As ionutulescu said, it really depends on your native language.
The easiest language to learn is the one within the same family, and the next easiest would be the language family that is close proximity.
For example, if your native tongue is a romance language (French, Spanish, Italian, Portuguese, etc) then learning another language within this family is the easiest. After that, it would probably be English, then the Germanic/Nordic languages (German, Swedish, Finnish, etc.). English as you may know is a mix between the romance and Germanic languages. Then after that it would be the Slavic languages like Russian, Ukrainian, etc.
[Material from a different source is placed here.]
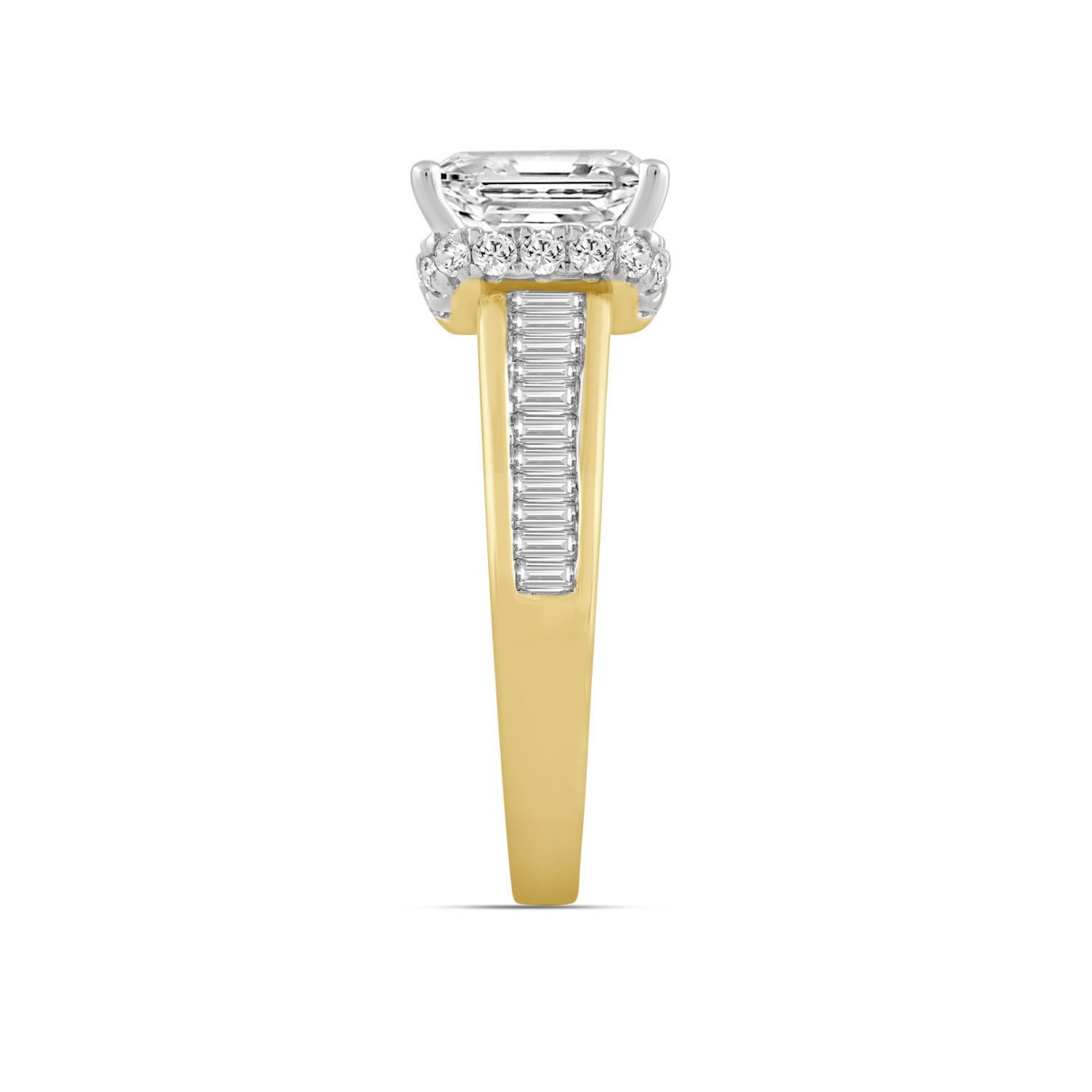 LADIES RING 2 3/4CTROUND/BAGUETTE/EMERALD DIAMOND 14K YELLOW GOLD (CENTER STONE EMERALD DIAMOND 2.00CT )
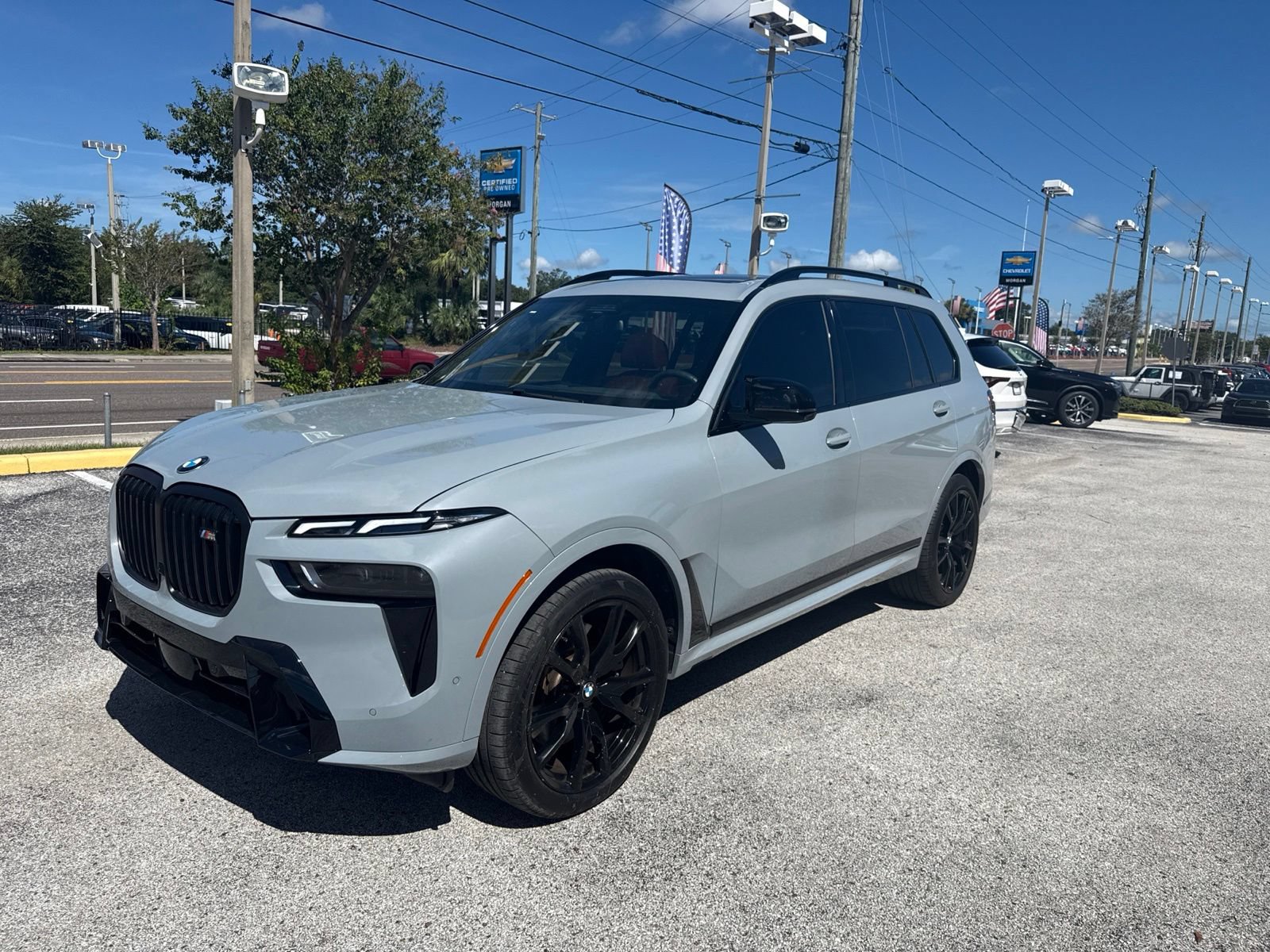 Used 2025 BMW X7 M60i AWD/4WD image 4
East Asian languages may be the most difficult for westerners to learn simply because it's so different and unfamiliar, but for an Asian, learning another language would likely be easier than say, learning German.
Mandarin Chinese is a mixed bag -- in terms of speaking, it's surprisingly easy once you get the four tones; writing/reading is notoriously difficult because it's simply rote memorization, and is one of the few languages left that doesn't use an alphabet.
Learning to speak Mandarin is easier than most people think because Chinese probably has the simplest grammar:
No tenses: "I go yesterday", "I go right now" "I go tomorrow".
No verb conjugation: I be, you be, "it" be
No male/female pronouns: just a generic "it" (no he, she, they, we -- just "I/we" "you" and "it")
No plural: 1 apple, 2 apple, 3 apple
No complex adverbs: "It play piano so beautiful" instead of "she plays piano beautifully"
So grammatically, it's very simple: just nouns, infinitive verbs, adjectives, and 3 pronouns ("I/we" "you" and "it").
The hardest part is mastering the "tones" which is an alien concept to western languages. In Mandarin, there are 4 tones (i.e. a "word" can be said 4 different ways, like singing a different note):
Ma(1): mother
Ma(2): leprosy
Ma(3): horse
Ma(4): to scold; anger
So if you're talking to your Chinese mother-in-law, you want to make sure you're calling her "Ma(1)" -- and not calling her a leper, a horse, or scolding her.